Tout le monde dans le village m’a toujours appelé Valmy, sauf le curé qui était totalement réfractaire à ce prénom révolutionnaire. J’ai donc été baptisé sous le prénom de mon parrain : seul le curé m’appelait Alexis. Quand je grimpais dans les ifs du vieux cimetière entourant l’église, il s’époumonait à me rappeler – en m’appelant Alexis – que le lieu n’était pas une plaine de jeux. Je mettais toujours un certain temps à comprendre que ce message m’était adressé.
Les quatre Nils, ce sont Nil-Saint-Martin, Nil-Saint-Vincent, Nil-Abbesse et Nil-Pierreux ; ils ont en commun d’être traversés par le ruisseau éponyme : le Nil. Historiquement, ces quatre Nils n’étaient pas placés sous la même autorité ; ils ont été regroupés par un décret signé par Napoléon, à Moscou, en septembre 1812.
Depuis ce temps, la Nationale 4 isole Nil-Pierreux du reste de l’entité, et le ruisseau jadis si présent ne fait plus vraiment lien. À vrai dire, on soupçonne à peine, çà et là, son existence.
Ma mère était catholique ; elle allait à la messe du dimanche. Mon père était socialiste et ne fréquentait pas l’église. Chez nous, dans la cuisine, un buste d’Émile Vandervelde, le président du parti socialiste, trônait sous un magnifique crucifix posé sur un velours vert. Comme mon père était volontiers boudeur, je servais parfois d’intermédiaire pour « raccommoder » mes parents, mais jamais je n’ai remarqué qu’ils se soient disputés pour des raisons religieuses ou politiques. J’ai été élevé dans la tolérance.
Tout petit, comme je m’ennuyais souvent à la maison (ma mère étant occupée au magasin), j’avais pris l’habitude d’aller jouer avec les enfants du boulanger voisin : Roger, Franz (il était de mon âge), Paul et Raymond. Comme ils fréquentaient l’école des Sœurs toute proche, il m’arrivait de me mettre dans le rang avec Franz pour entrer en classe, mais ma mère venait me rechercher.
Devant tant de goût pour l’étude (!), mes parents se sont hâtés de me mettre à « l’école libre laïque » qui s’était ouverte quelques années auparavant. Ma mère est allée trouver l’instituteur en lui disant que s’il voulait m’avoir comme élève, c’était maintenant qu’il devait m’accepter, même si je n’avais pas encore six ans !
En matière d’enseignement, la rivalité était grande entre les partis de gauche (libéral et socialiste) et le parti catholique, une rivalité qui ne s’est résolue que par l’adoption du fameux Pacte scolaire… en 1959.

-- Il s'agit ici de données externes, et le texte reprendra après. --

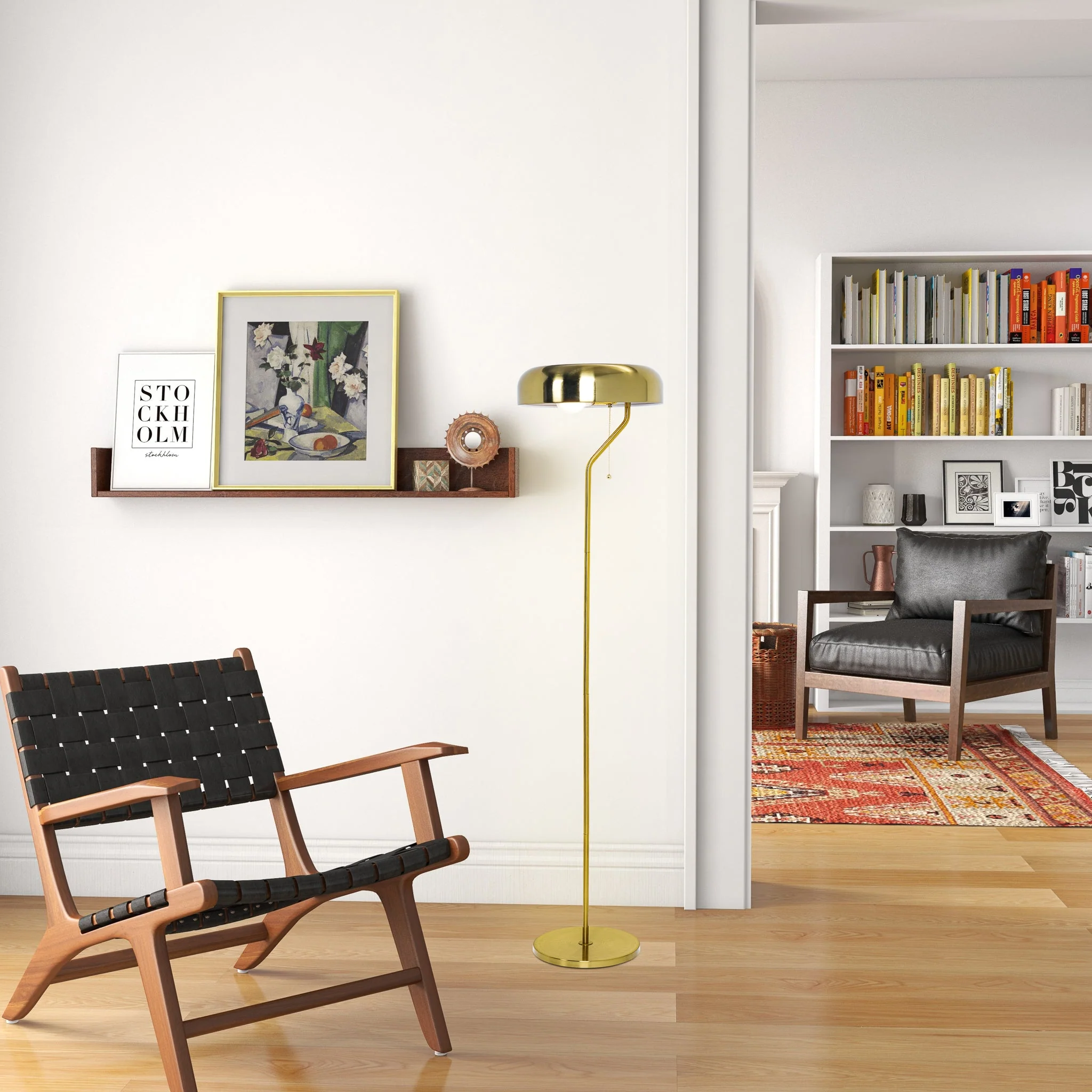 Spectra Floor Lamp - Gold outer and White inner - Image 2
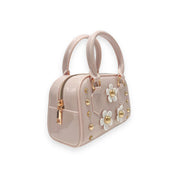 Floral Shiny Jelly Barrel Purse - Ivory/Apricot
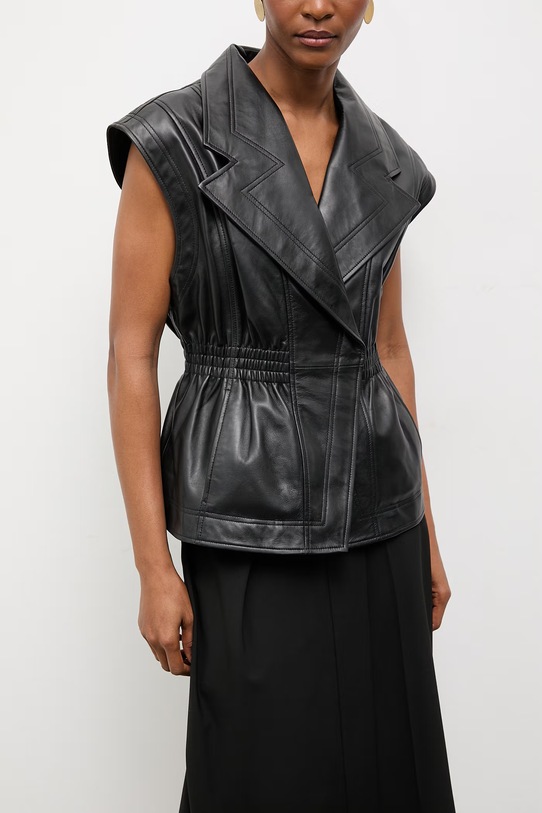 Answear.LAB bezrękawnik skórzany NIVA z kolekcji Unscripted WS26-KMD000 czarny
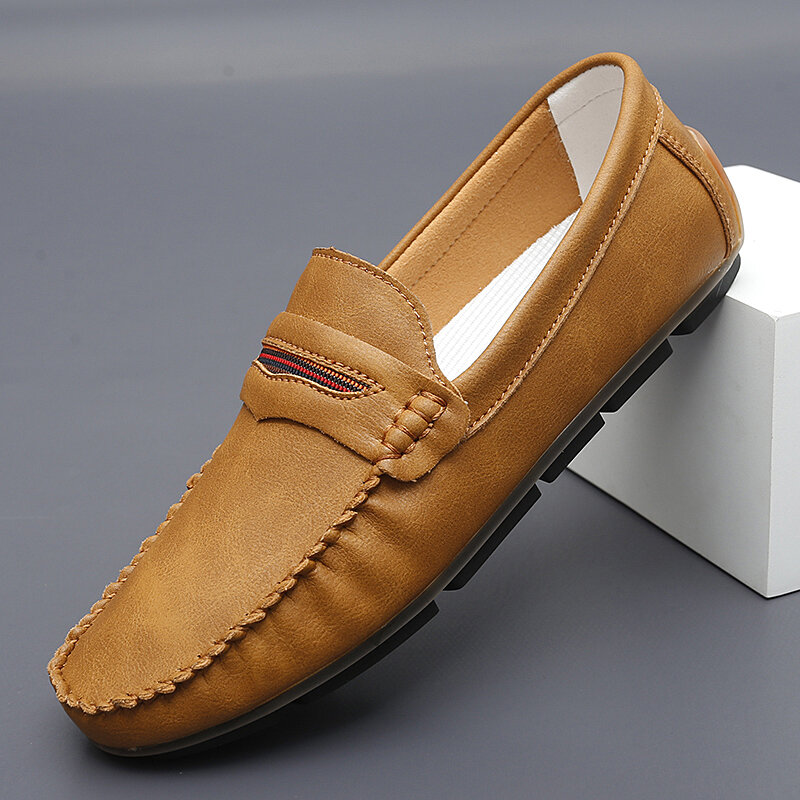 38-47 nowa moda wysokiej jakości męskie skórzane buty na co dzień prawdziwa skóra elegancka buty do jazdy samochodem chłopiec Tênis Masculino buty wsuwane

À Nil-Saint-Vincent, la majorité politique était catholique et le resta jusqu’à la fin des années 1950. Il y avait une école communale pour filles, une école communale pour garçons et l’école libre des Sœurs, évoquée plus haut.
Au début des années 1930, à l’occasion du départ à la retraite de l’instituteur de l’école des garçons, un jeune instituteur assura un intérim d’un an à la grande satisfaction des parents ; mais, lorsqu’il s’est agi de le nommer, le pouvoir communal lui préféra un autre candidat.
Il se passa alors une chose extraordinaire, dont je ne connais aucun autre exemple en Belgique : les parents, tellement conquis par ce jeune instituteur, souhaitèrent absolument le garder pour leurs enfants et se cotisèrent pour créer une autre école à côté de l’école officielle ! Les cours furent d’abord donnés dans un grenier, puis un bâtiment fut construit avec l’aide de bienfaiteurs, sur un terrain appartenant à un ami de l’école. Tout le monde mit la main à la pâte, tant pour les aménagements intérieurs qu’extérieurs : préau, toilettes, remise et agrès de gymnastique.
L’école ouvrit ses nouveaux locaux en 1932.